Analysis of metabolites and metabolism-mediated biological activity assessment of ginsenosides on microfluidic co-culture system

Abstract

In vivo, the complex process of drugs metabolism alters the change in drug composition and determines the final pharmacological properties of oral drugs. Ginsenosides are primary constituents of ginseng, whose pharmacological activities are greatly affected by liver metabolism. However, the predictive power of existing in vitro models is poor due to their inability to mimic the complexity of drug metabolism in vivo. The advance of organs-on-chip-based microfluidics system could provide a new in vitro drug screening platform by recapitulating the metabolic process and pharmacological activity of natural product. In this study, an improved microfluidic device was employed to establish an in vitro co-culture model by culturing multiple cell types in compartmentalized microchambers. Different cell lines were seeded on the device to examine the metabolites of ginsenosides from the hepatocytes in top layer and its resulting efficacy on the tumors in bottom layer. Metabolism dependent drug efficacy of Capecitabine in this system demonstrated the model is validated and controllable. High concentrations of CK, Rh2 (S), and Rg3 (S) ginsenosides showed significant inhibitory effects on two types of tumor cells. In addition, apoptosis detection showed that Rg3 (S) through liver metabolism promoted early apoptosis of tumor cells and displayed better anticancer activity than prodrug. The detected ginsenoside metabolites indicated that some protopanaxadiol saponins were converted into other anticancer aglycones in varying degrees due to orderly de-sugar and oxidation.
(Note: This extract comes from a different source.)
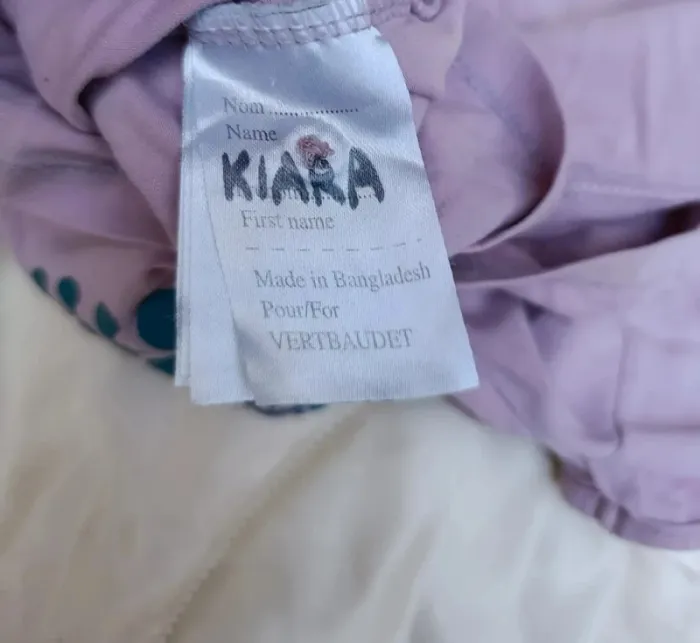 T-shirt manches courtes mauve oiseau 4 ans Vertbaudet - photo numéro 6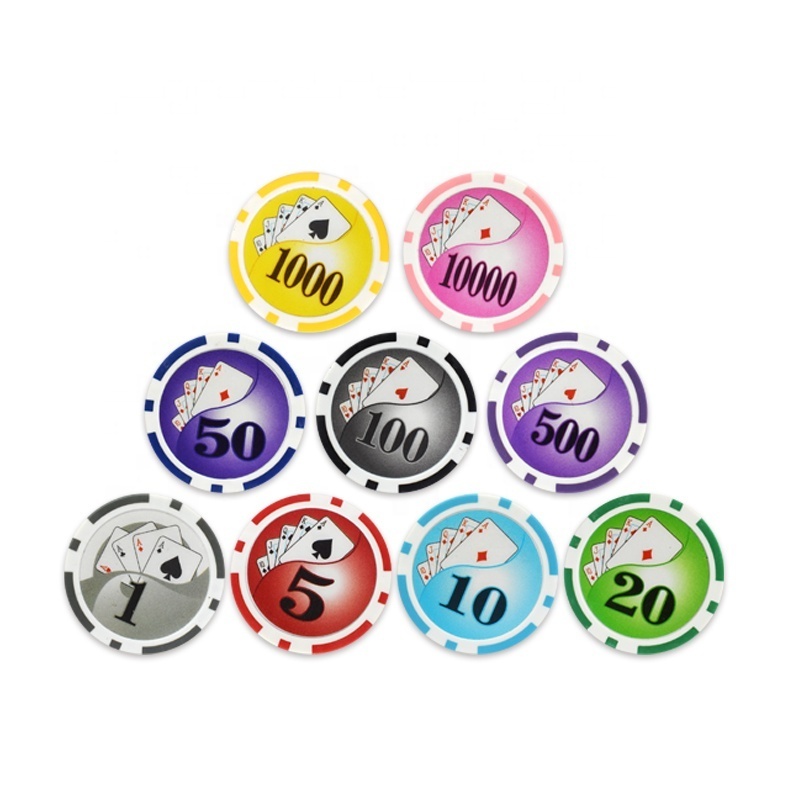 YH 40mm Cheap Casino Quality Classic Style Playing Games Poker Chips Set With Chips Case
Ginsenosides exhibited different efficacy on target cells by impacting their viabilities, indicating hepatic metabolism plays an important role in determining ginsenosides efficacy. In conclusion, this microfluidic co-culture system is simple, scalable, and possibly widely applicable in evaluating anticancer activity and metabolism of drug during the early developmental phases of natural product.